The Great Mouse Detective (1986) poster

The Great Mouse Detective (1986)

Rating:

aka Basil of Baker Street; Basil – The Great Mouse Detective


USA. 1986.

Crew

Directors – Ron Clements, Bunny Mattinson, Dave Michener & John Musker, Screenplay – Roy O. Disney, Vance Gerry, Mel Shaw & Pete Young, Based on the Novel Basil of Baker Street by Eve Titus, Producer – Bunny Mattinson, Music – Henry Mancini, Production Design – Glen Keane. Production Company – Disney/Silver Screen Partners II

Voices

Barrie Ingham (Basil), Val Bettin (Dr Dawson), Vincent Price (Professor Rattigan), Candy Candido (Fidget), Susanne Pollatschek (Olivia Flaversham), Alan Young (Mr Flaversham)


Plot

London, 1897. Just returned from overseas, Dr Dawson finds young mouse child Olivia Flaversham crying in the streets. He aids her in going to 221½ Baker Street to meet Basil, the famous mouse detective, to ask his help in finding her father. Basil realizes that his sworn enemy, the evil Professor Rattigan, has kidnapped Olivia’s father who is a toymaker. Dawson and Olivia join Basil as he uncovers Rattigan’s nefarious scheme to create an automaton that will replace the mouse Queen during her coming diamond jubilee celebrations.


The period following Walt Disney’s death in 1966 up until the early 1990s was almost entirely a desert wasteland when it came to Disney animation. During this time, the studio was only releasing one animated film about every three-to-four years. With very occasional exceptions – The Jungle Book (1967), The Aristo Cats (1970) – the studio’s animated output during this period was bland and formulaic – as can be seen by the infuriatingly banal likes of Robin Hood (1973), The Rescuers (1977), The Black Cauldron (1985) and Oliver & Company (1988). Most of the time the studio was being kept going by re-releases of their classics and a regular supply of live-action comedies. The Great Mouse Detective, though, is one rare delight that the Disney studio managed to produce during this period.
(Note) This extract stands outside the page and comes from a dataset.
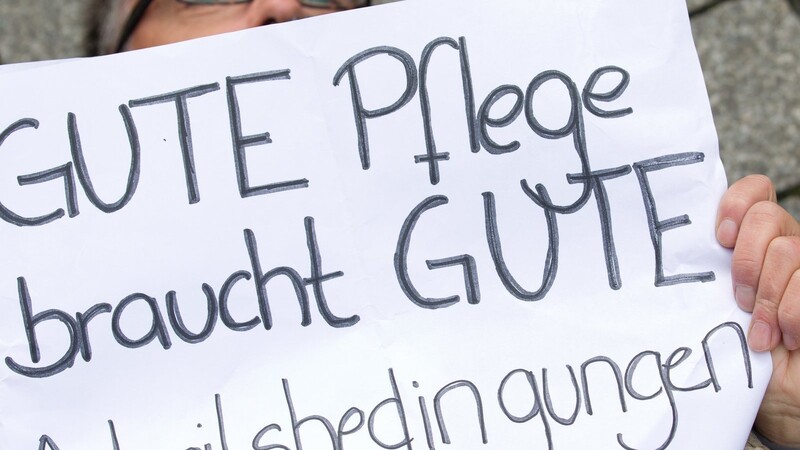 Die Gewerkschaft Verdi will am Internationalen Weltfrauentag auf die schlechten Arbeitsbedingungen im Sozial- und Erziehungsdienst aufmerksam machen. (Symbolbild)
It is unlikely that Arthur Conan Doyle in his wildest imaginings – and if one reads about some of the spiritualist beliefs that Doyle had, believe me they were wild imaginings – would have produced a version of Sherlock Holmes with cartoon mice. (Mindedly, things became even more outlandish three decades later with Sherlock Gnomes (2018), another animated film that offered up Sherlock Holmes incarnated as a garden gnome). Based on Eve Titus’s popular series of Basil of Baker Street children’s books, consisting of five books written between 1958 and 1982, The Great Mouse Detective is a surprisingly good effort. It is packed with a dazzlingly madcap battery of visual gags that leave it one of the best, most overlooked Disney films made during these lean years.

Basil and Dr Dawson in The Great Mouse Detective (1986)
(l to r) The mouse detective Basil and his companion Dr Dawson

The Great Mouse Detective conducts the period style and Holmesian familiarities with such aplomb that it is as much a knowing nod to its adult audience as it is kiddie entertainment. The characterizations are a delight – the kind and gentlemanly Dawson; the eager bloodhound; and Fidget, the bat that seems to be modelled as a cast-off gremlin, who has an hilarious scene trying to escape the mouth of Rattigan’s cat; but especially the refreshingly uncute, dourly Scots-accented ragamuffin Olivia. Basil, the Holmes counterpart, is played with a manic lunacy, more like Nicol Williamson’s characterisation of Holmes in The Seven Per Cent Solution (1976) than any traditional Basil Rathbone incarnation. There are some charmingly absurd scenes with him trying to tame a bloodhound and charging into battle on a toy horse.

The film has a pace that spins like a rollercoaster not only running out of control but taking in the rest of the circus too with helter skelter chases through a toyshop and a climax in and around Big Ben that are both more exciting than one could believe possible for a cartoon. And there is that absolutely delectable moment where Basil escapes from Rattigan’s trap that combines everything from axes to arrows and heavy weights just in time to pose for the camera. There is also an excellent score, particularly a sassy dance number Look At Me, performed by a Melissa Manchester-voiced singer in a pub. This is one Disney film where the ending comes far too soon.

Disappointingly, The Great Mouse Detective was not a huge success. Co-directors John Musker and Ron Clements went solo on their next outing The Little Mermaid (1989), which began the new Disney renaissance of the 1990s. In the 1990s, Musker and Clements became one of Disney’s most successful directing teams, making the likes of Aladdin (1992), Hercules (1997), Treasure Planet (2002), The Princess and the Frog (2009) and Moana (2016).